Condon seems especially keen on emphasizing what Kinsey and his readers were rebelling against. The movie sometimes plays like a slightly exaggerated study of the puritanical hairstyles and dismal dress codes that seemed designed to make people appear unattractive during the World War II era. The contrast between the characters’ passions and their prim wardrobes becomes a reliable source of comic relief.

Laura Linney, playing Kinsey’s wife, Clara, looks so drab and sexless that she might as well be wearing a burqua in some scenes. No wonder her husband nicknames her “Mac.” Still, Linney responds to the role with such vitality that she transcends the physical limitations that Clara imposes on herself, turning her into a force of nature who can’t be stopped once she decides on a marriage partner.

Liam Neeson’s Kinsey is at first awkward and sincere, “a little churchy,” as Clara puts it, though he eventually becomes hectoring and relentless — and almost as concerned with measurements and frequencies as John Carradine’s sex-mad scientist in Woody Allen’s 1972 satire, “Everything You Always Wanted to Know About Sex (But Were Afraid to Ask).” It’s a tribute to Neeson’s self-control that he manages to keep a straight face during some of Kinsey’s wilder outbursts.

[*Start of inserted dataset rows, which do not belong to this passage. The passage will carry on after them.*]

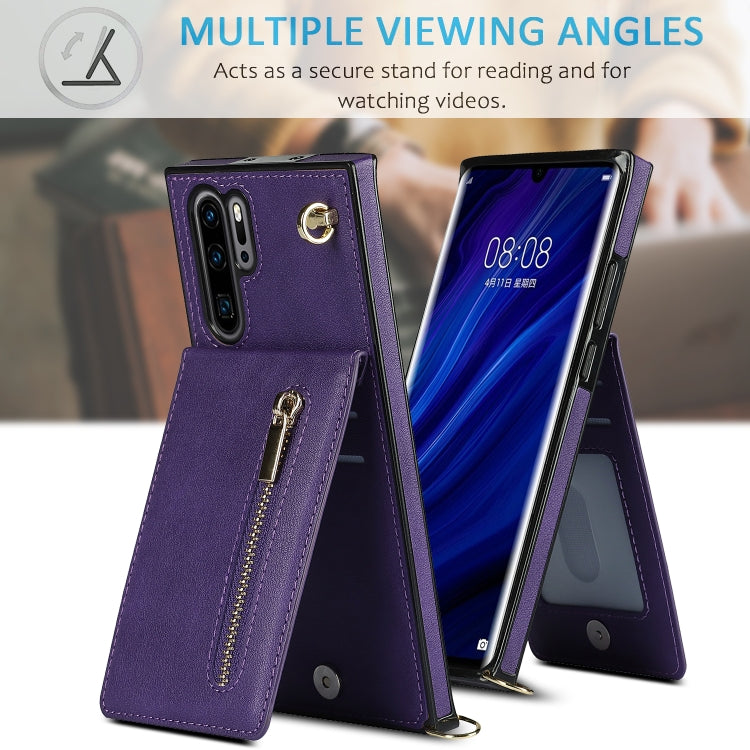 For Huawei P30 Pro Cross-body Zipper Square TPU+PU Back Cover Case with Holder & Card Slots & Wallet & Strap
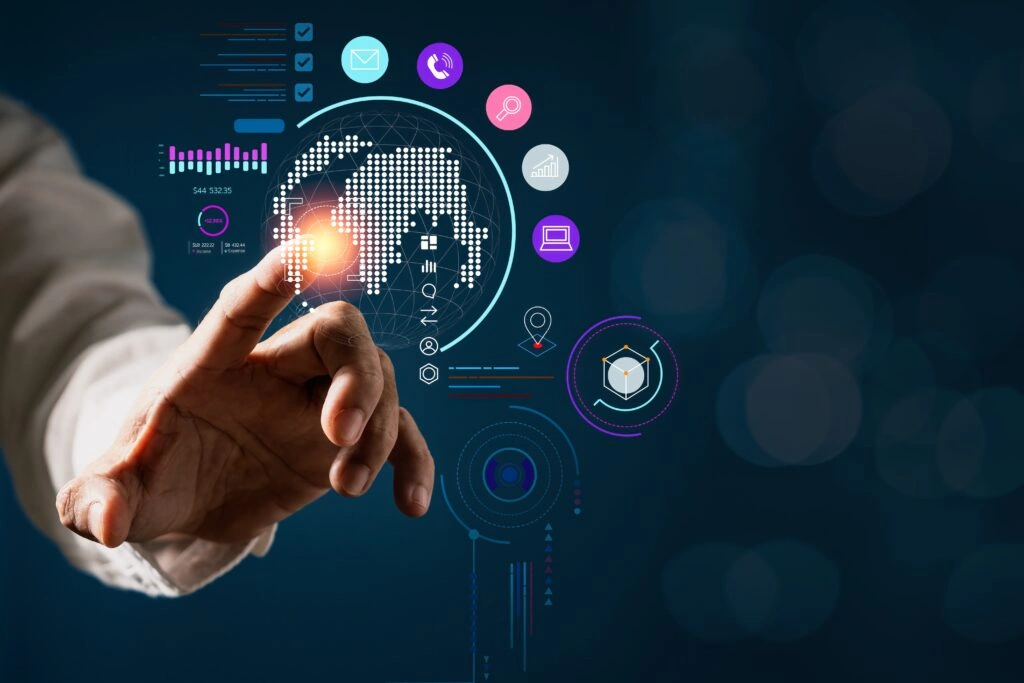 man-touch-on-virtual-screen-to-chat-post-message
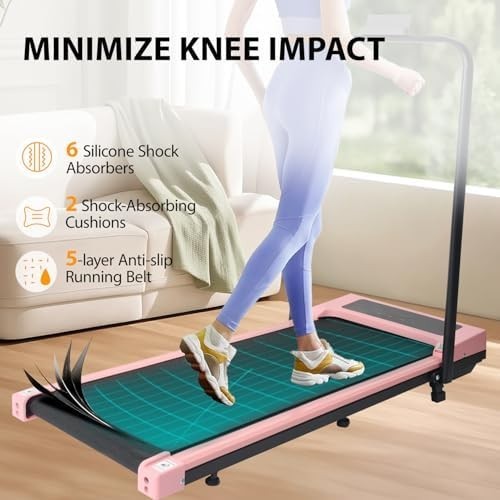 Foldable Under Desk Treadmill with Incline, App Control & Bluetooth Music - Kwikley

At other times, Neeson recalls Montgomery Clift’s pained, thoughtful obsessiveness in John Huston’s 1962 biography, “Freud,” which tells a similar tale of a scientist who faces mockery and condemnation for his insistence on the crucial role that sex plays in human development.

Somehow Neeson manages to capture the absurd and tragic dimensions of the character without making him laughable or maudlin. Equally impressive are Peter Sarsgaard, as a bisexual research assistant who seduces both Kinsey and his wife, and a nearly unrecognizable Lynn Redgrave, whose late appearance recalls the moving finale of “Gods and Monsters.” (Another holdover from that film, composer Carter Burwell, contributes another excellent score.)

“Kinsey” covers several decades, going back to Kinsey’s childhood, when he left home in rebellion against a brutally puritanical and sexist father (John Lithgow), and moving into the nervous 1950s, when Kinsey’s work became too notorious for public figures to become sponsors or even to associate with him.

Condon mostly sticks to the facts, as reported in Jonathan Gathorne-Hardy’s 1999 biography, “Sex the Measure of All Things: The Life of Alfred C. Kinsey.” He cherry-picks phrases and incidents and even lab animals from the book (including those porcupines), deftly using them to create an exceptional biopic with its own confident sense of authenticity.